ところで、ルイ14世が行った国を衰退させた愚挙として取り上げられるのが、「ナントの勅令廃止」=「フォンテーヌブロー王令」(1685年、カトリックの立場からプロテスタント容認政策を転換し、プロテスタントの信仰を禁止)。その内容は実に苛酷である。プロテスタントの信仰の自由を否認し、牧師を国外に追放。プロテスタントの学校を閉鎖し、教会堂を破壊。プロテスタントの亡命は許さず、彼らの子どもにカトリックの洗礼を強制する等々。こうした状況下、捉えられればガレー船送りと財産没収を覚悟の上で、およそ20万のプロテスタントがフランスから脱出した。亡命者の中には商人、職人が多く含まれていたため、フランス経済に対して大きな打撃となる。他方、スイスの時計産業・金融業、ベルギーの貴金属工業・製鉄業、オランダの製紙業、プロイセンの製鉄業・皮革工業、イギリスの製鉄業・金属加工などはユグノー移民のおかげで発展したといわれている。

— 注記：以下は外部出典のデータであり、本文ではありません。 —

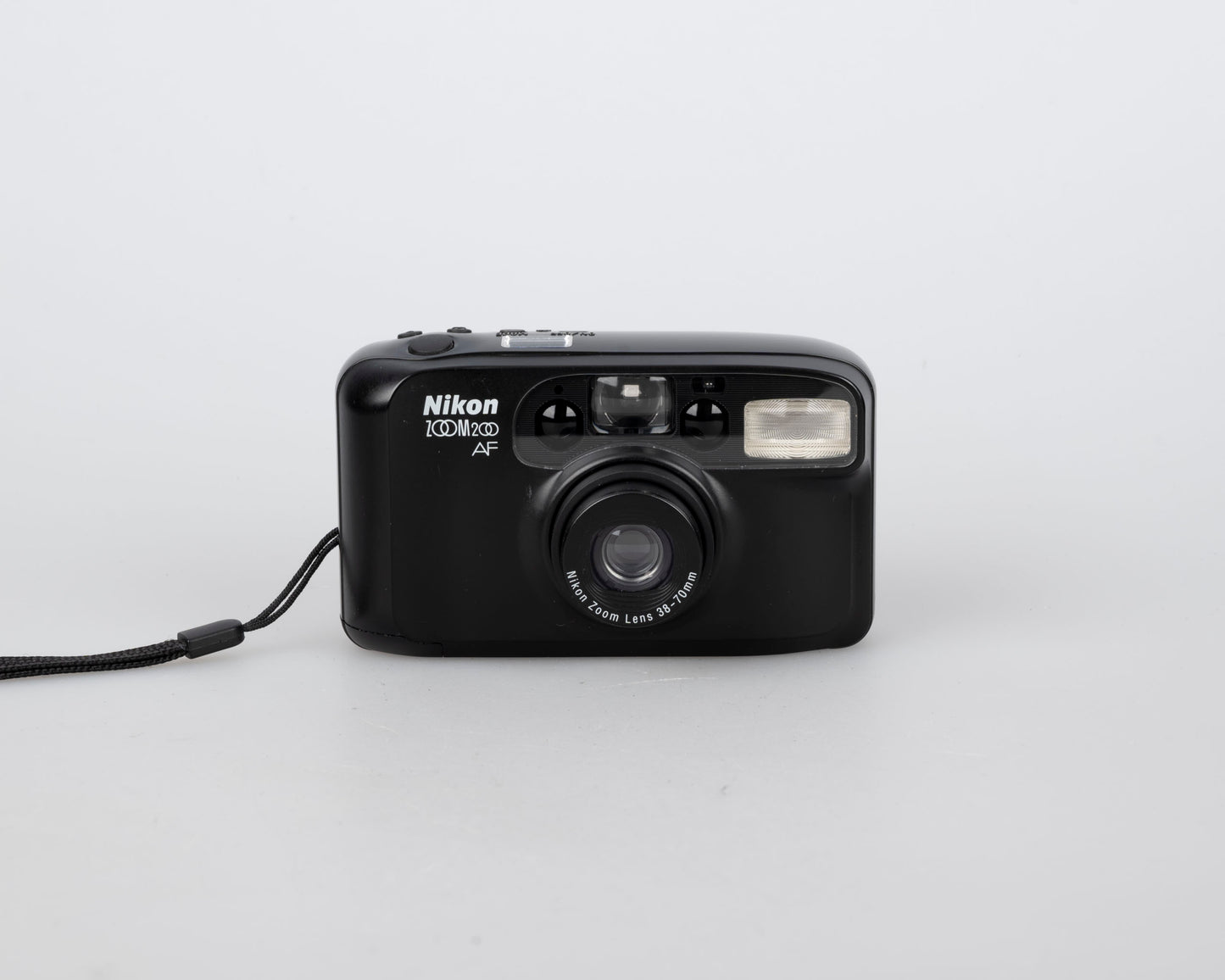 Nikon Zoom 200 AF 35mm camera (serial 6007454)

ジャンダルメンマルクト広場(ベルリン) 左が「ドイツ・ドーム」(ドイツ大聖堂)、右が「フランス・ドーム」(フランス大聖堂)、真ん中がコンツェルトハウス
「フランスドーム」Französischer Dom ジャンダルメンマルクト広場 ベルリン
1701~05年にかけて、フランスから逃れてきたユグノー教徒のために建設された教会堂。18世紀後半、フリードリヒ大王によって教会の隣に建てられ華やかな塔と2つを総称してフランスドームと呼ばれる。